- Work instruction -
Print all of the data exactly, but drop the pictures.

- Dataset section -
• • • • •

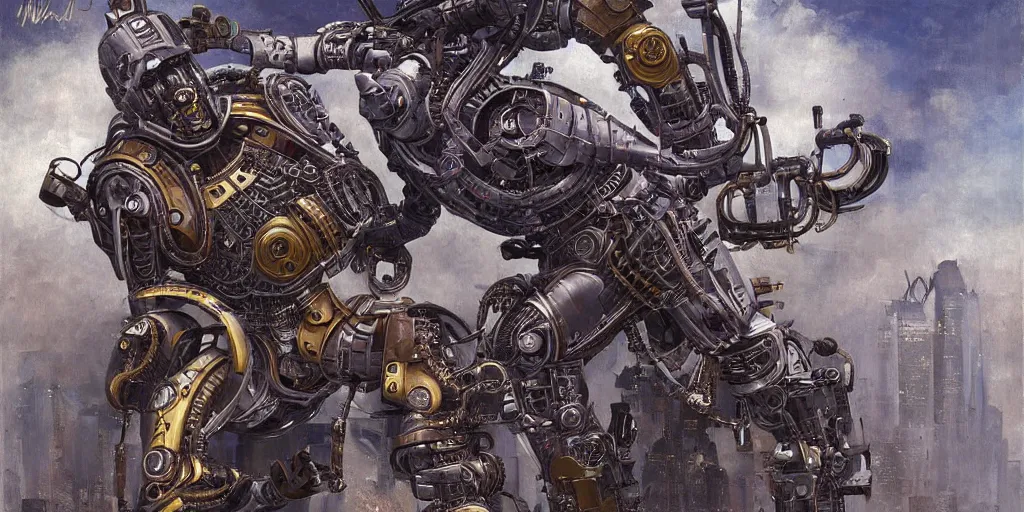Image similar to digital painting of a robot doing mixed martial arts, by michael whelan and h. r. giger, highly detailed, steampunk, mix of styles, intricate, ghost in the shell color scheme, mma, boxing, kickboxing, masterpiece, golden ratio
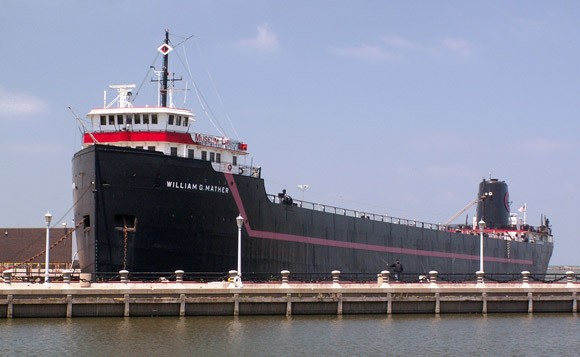 Steamship William G. Mather was built in 1925 and sailed the Great Lakes for 55 years.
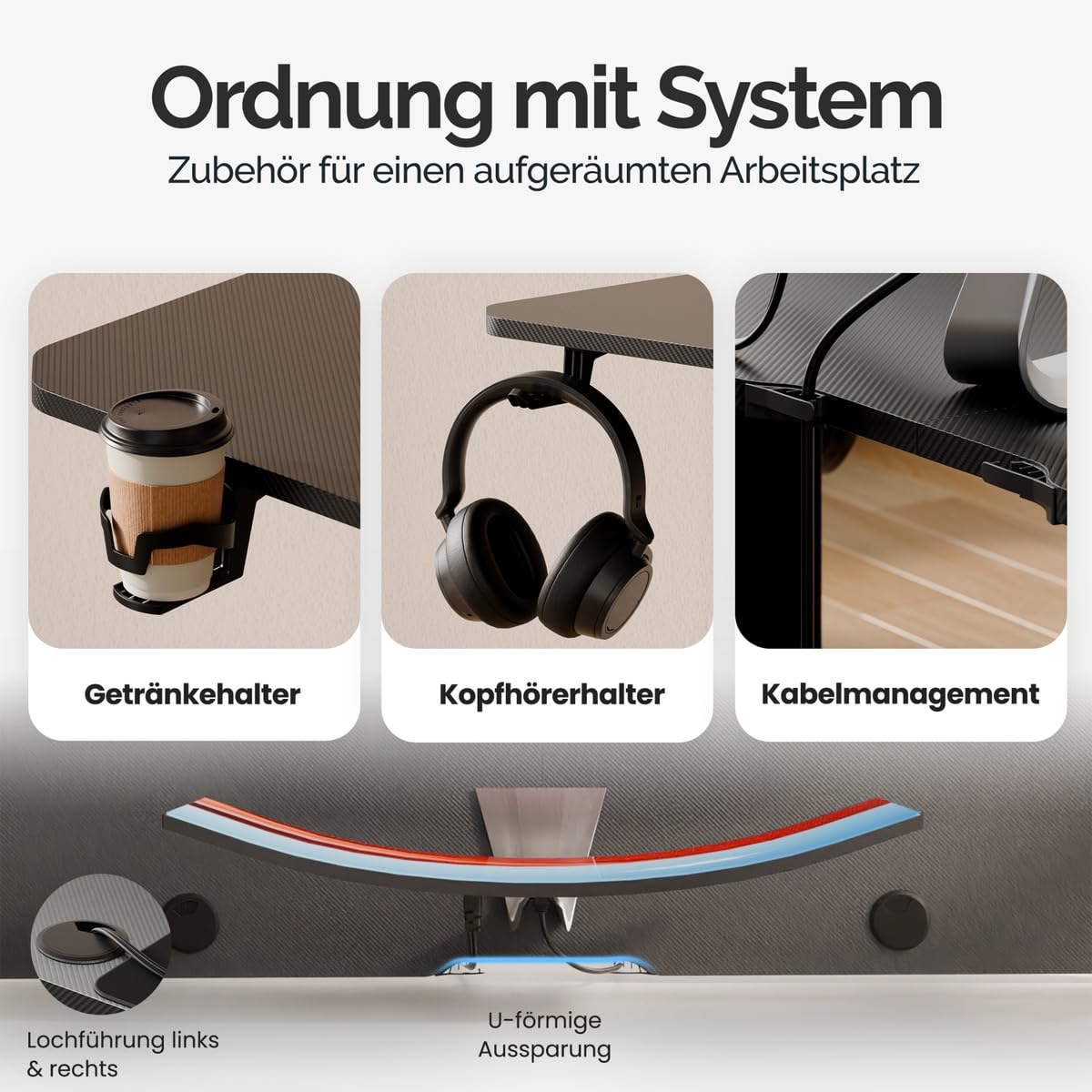 Casaria® Höhenverstellbarer Schreibtisch 160x75 cm elektrisch mit Kopfhörerhalter Tassenhalter Modern Büro Gaming PC Computer Tisch Schwarz Carbon-Optik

• • • • •

- Result for this exercise -
Image similar to digital painting of a robot doing mixed martial arts, by michael whelan and h. r. giger, highly detailed, steampunk, mix of styles, intricate, ghost in the shell color scheme, mma, boxing, kickboxing, masterpiece, golden ratio
 Steamship William G. Mather was built in 1925 and sailed the Great Lakes for 55 years.
 Casaria® Höhenverstellbarer Schreibtisch 160x75 cm elektrisch mit Kopfhörerhalter Tassenhalter Modern Büro Gaming PC Computer Tisch Schwarz Carbon-Optik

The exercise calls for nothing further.